The Pixel 10a is an Android-based smartphone designed, developed, and marketed by Google as part of the Google Pixel product line. It serves as a mid-range variant of the Pixel 10 series, with similarities in design, software, and other features to its more premium counterparts.

== History ==
The Pixel 10a was teased in a preview posted to the Made By Google YouTube channel on February 4, 2026, indicating a pre-order date of February 18. This puts its one month earlier in the year than its predecessor the Pixel 9a, and nearly 4 months earlier than the Pixel 8a the year prior to that. Its release date was on March 5, 2026, making it by far the earliest date for a Pixel smartphone to be released during a calendar year.

On April 7 of that year, the phone became available for pre-order in Japan, with a release date set for May 20. An exclusive color variant called Isai Blue was added in addition to the other colors; it is only available in a 256 GB configuration, comes in a custom box, with a bumper case and stickers additionally. Google partnered with the art lifestyle brand HERALBONY to develop the Japan-exclusive model to select the color and design the stickers, and the software includes a matching wallpaper and themed icon pack designed by their artists.

== Specifications ==

=== Design ===
The Pixel 10a has a nearly identical footprint as the Pixel 9a, with the rear cameras being entirely flush with the body instead of a thin protrusion, eliminating the camera cutout found on the other models in the family. The body is also squared up with flat rails and rounded edges, matching the rest of the Pixel 10 series.

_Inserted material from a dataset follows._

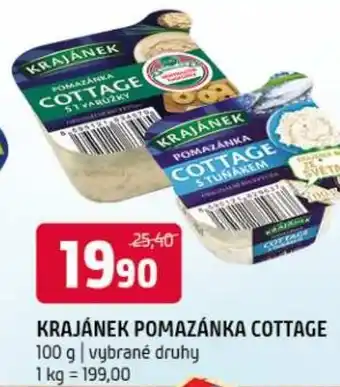 Terno Krajánek pomazánka cottage nabídka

It comes in four colors primarily, namely Berry, Lavender, Fog, and Obsidian. Upon its announcement, Google also updated the Pixel Buds 2a wireless earbuds by adding Fog and Berry color variants to match the phone.

Pixel 10a
| Diagram of a Pixel 10a smartphone in light purple. | Diagram of a Pixel 10a smartphone in red. | Diagram of a Pixel 10a smartphone in light green. | Diagram of a Pixel 10a smartphone in black. |
| Lavender | Berry | Fog | Obsidian |

=== Hardware ===
Nearly all hardware specifications remain unchanged from its predecessor. All cameras use identical sensors, with 48 MP resolution for the wide, 13 MP for the ultrawide, and 13 MP for the front-facing selfie cameras.

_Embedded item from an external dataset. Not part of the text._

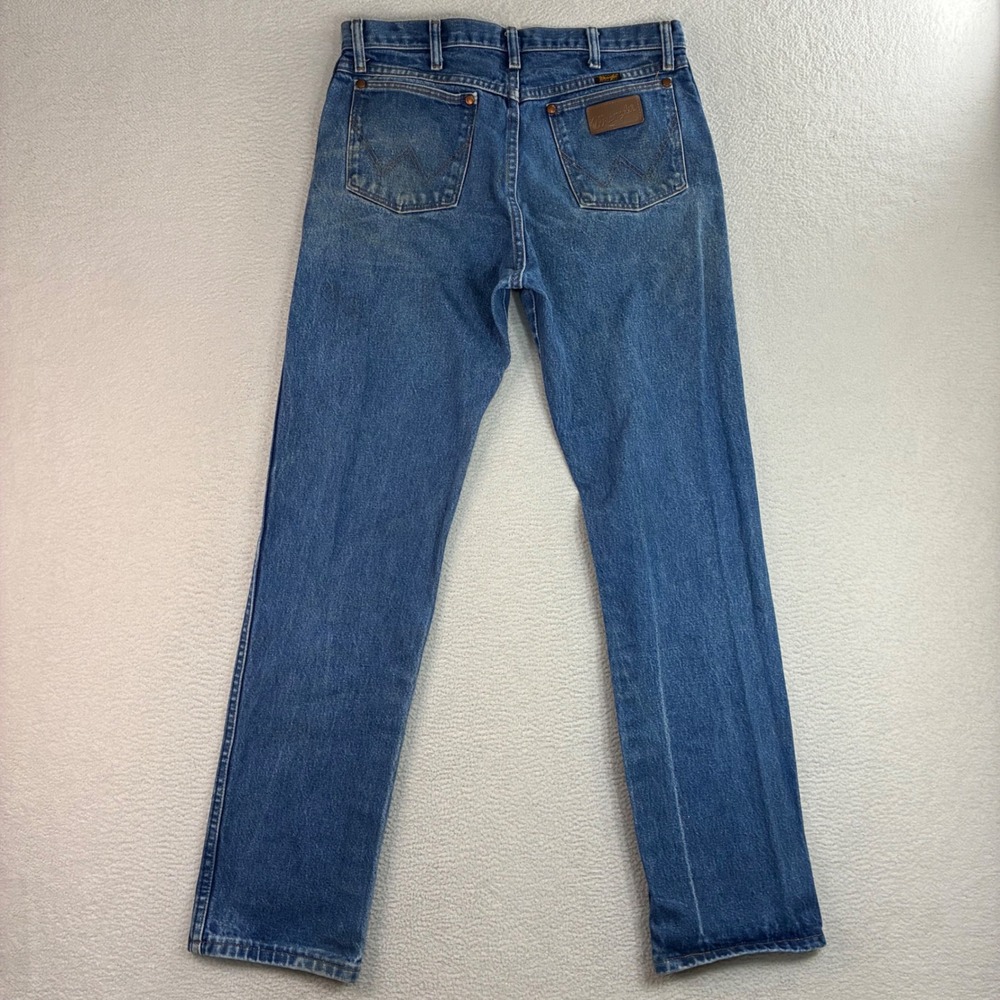 Wrangler 13MWZ Cowboy Cut Jeans Men 32x34 Blue Western Rodeo Bootcut Casual Work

The display has a slightly higher peak brightness at 3000 nits, but the same resolution and 120 Hz refresh rate. The bezels are nearly 10% thinner, although visually, it looks identical. It upgrades to Corning Gorilla Glass 7i on the screen, adding additional impact resistance and durability.

A notable similarity is using the previous generation Tensor G4, the same chip found in the Pixel 9 series, to power the phone instead of using the current generation Tensor G5 SoC. This marks an alteration in the precedent established by A-series Pixels starting with the Pixel 6a onwards, which used the same Tensor processor as the current generation.

Dissimilar from the Pixel 9a is the upgraded Exynos 5400 modem, the same found in the Pixel 9 and Pixel 9 Pro phones, as well as the current Pixel 10 series. This gains the Pixel 10a satellite connectivity, enabling the ability to contact emergency services via satellite through a feature dubbed "Satellite SOS".

=== Software ===
The Pixel 10a ships with Android 16 and the updated Material 3 Expressive UI out of the box. Based on Material You UI design language, Material 3 Expressive updates font & icon styles, makes text, time, buttons, and icons expand and scale dynamically. It also makes animations more fluid and haptic feedback more frequent throughout interfaces. It gives the notification bar with a updated look and allows users to resize tiles in the Quick Settings panel, allowing for more customization.

Much akin to the rest of the Pixel 10 Series, it ships with multiple AI-powered features. New ones that were introduced with that generation include Camera Coach, a Gemini-powered guide in the Camera app that provides step-by-step instructions for proper framing and composition when taking photos, and Conversational photo editing in Google Photos, allowing users to dictate changes they wish to make to an image. Some features like Magic Cue and various AI models that run on-device, appear to be excluded from the Pixel 10a, most likely due to memory constraints and a less-powerful TPU compared to Tensor G5 found in the rest of the Pixel 10 series.